When the planet is at the very edge of its transit, its own disk partly in front of the solar disk, refracted sunlight in its atmosphere completes the circle and renders it whole. Astronomers can look at this arc of refracted light to study the planet’s atmosphere — a trick they can use for Venus as well as distant exoplanets. NASA’s Transition Region and Coronal Explorer (TRACE) satellite observed this phenomenon in 2004, and now newer space assets will stare at it with more than double the resolution as last time, Pasachoff said. This phenomenon was originally reported during the previous transit in 1882, but not much was made of it afterward, he said.

Solar astronomers located at the National Solar Observatory’s Sacramento Peak, N.M. facility will be watching through a specially purchased spectrograph and imaging spectrometers. A carbon dioxide spectrograph is not a typical tool in a solar scientist’s arsenal, so the American Astronomical Society and the National Geographic Society provided a grant, Pasachoff said. “Then they can put that filter aside for 105 years, until it becomes useful again,” he said.

Studying Venus’ atmosphere will help answer some questions about how it became so different from Earth, despite the two planets’ numerous similarities. Venus’s atmosphere is almost 100 times more massive than Earth’s and consists mainly of CO2, said planetary scientist Thomas Widemann of the Observatoire de Paris. No one knows why, he explains in a NASA news story. “Our models and tools cannot fully explain Venus, which means we lack the tools for understanding our own planet,” he said. “Caring about Venus is caring about ourselves.”

The atmospheric refraction is also another interesting connection from the past to the present — to better understand what our forebears saw the last time Venus moved across the sun, astronomers at locations like Mount Wilson in California will be watching through antique telescopes.

“There are some serious questions in interpretations of the 18th century observations that might be resolved,” Pasachoff said. “We will better understand what could have been seen.”

These questions will also bear on the Kepler Space Telescope and its detection of exoplanets using the transit method. Just as the 18th century transit established a baseline for measuring our solar system, this new transit will establish a baseline for measuring new star systems. Kepler watches for blips in brightness as planets move across the faces of their stars. We know a lot about Venus already, and we’ll know a lot more about its atmosphere after this transit — and we know a lot about the sun, and its current cycle of increased activity (which makes our normally quiescent star a better proxy for others). So astronomers will be able to establish a baseline for blips in brightness that can help improve Kepler’s measurements.

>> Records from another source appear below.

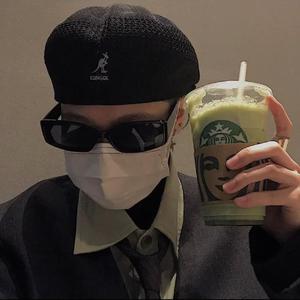 火车上牛大鸡巴操穴
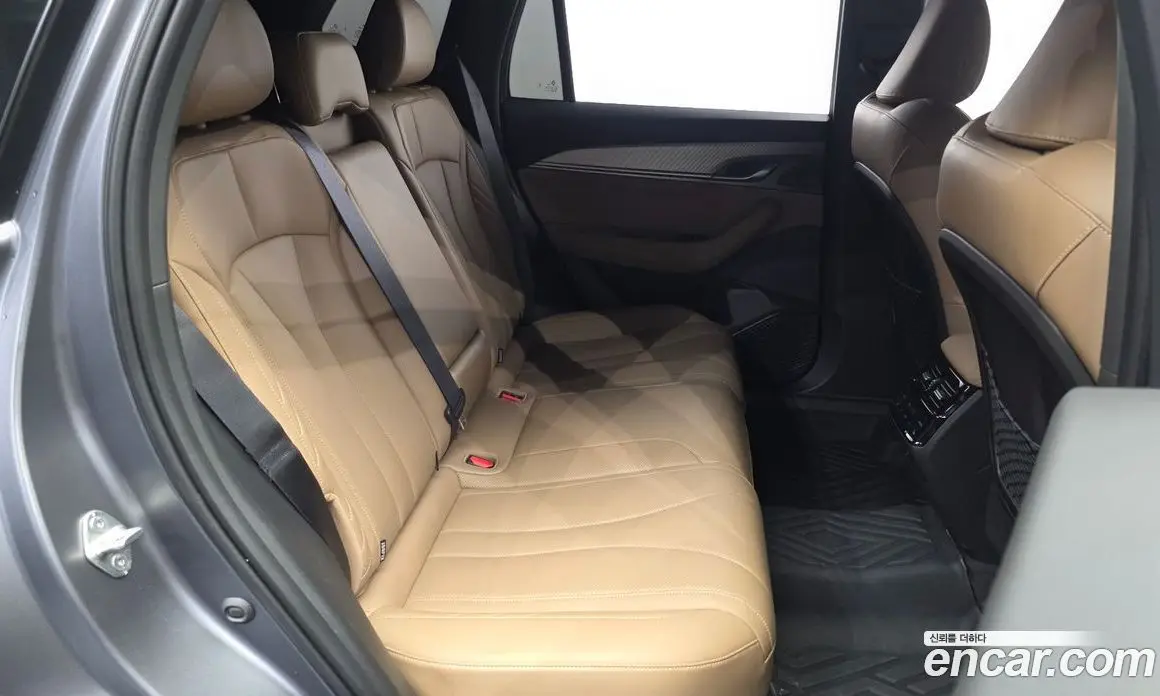 Renault (Samsung) Grand Koleos 2025 2.0 автомат (гидро), фото 17 Renault (Samsung) Grand Koleos 2025 2.0 автомат (гидро), фото 17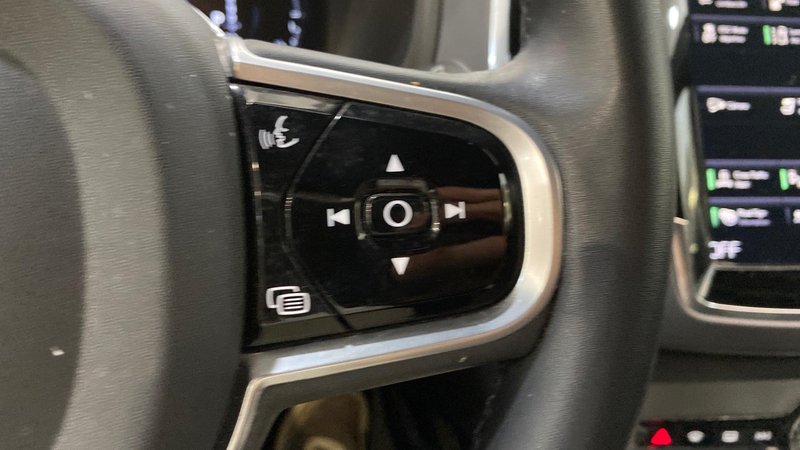 Volvo XC90 2022, foto 29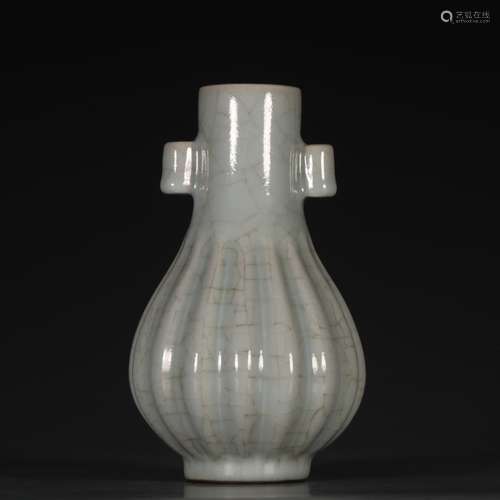 Porcelain Chenghua-Nianzhi Mark Ge Glaze Ear Vase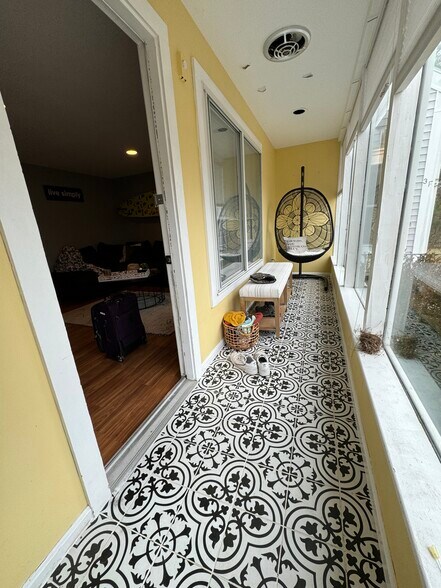 Entry way - 3 Greenfield Dr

“When we know exactly what Venus and its atmosphere is like and what sunspots and limbs are arcing around the sun, that will allow us to better understand the exoplanet transits, in which we see only a blur of light, without being able to pick the exoplanet and its parent star apart,” Pasachoff explained.

So to modern astronomers, planetary transits are now in the realm of the nebulae, an idea none of the previous Venus transit-watchers could ever have conceived. Pasachoff said he, too, can’t imagine what his successors will look for in his notes, or how they’ll use the 2117 transit.

“I feel a responsibility for helping to provide as many sites for observation of this transit as possible. We don’t know, now at the beginning to the 21st century, what data might be useful over the long term, for astronomers of the 22nd century,” he said. “All I can do is to try to do the best that I can now, to get the most complete possible set of observations using contemporary capabilities. But there certainly is extra pressure in knowing that this is our last chance.”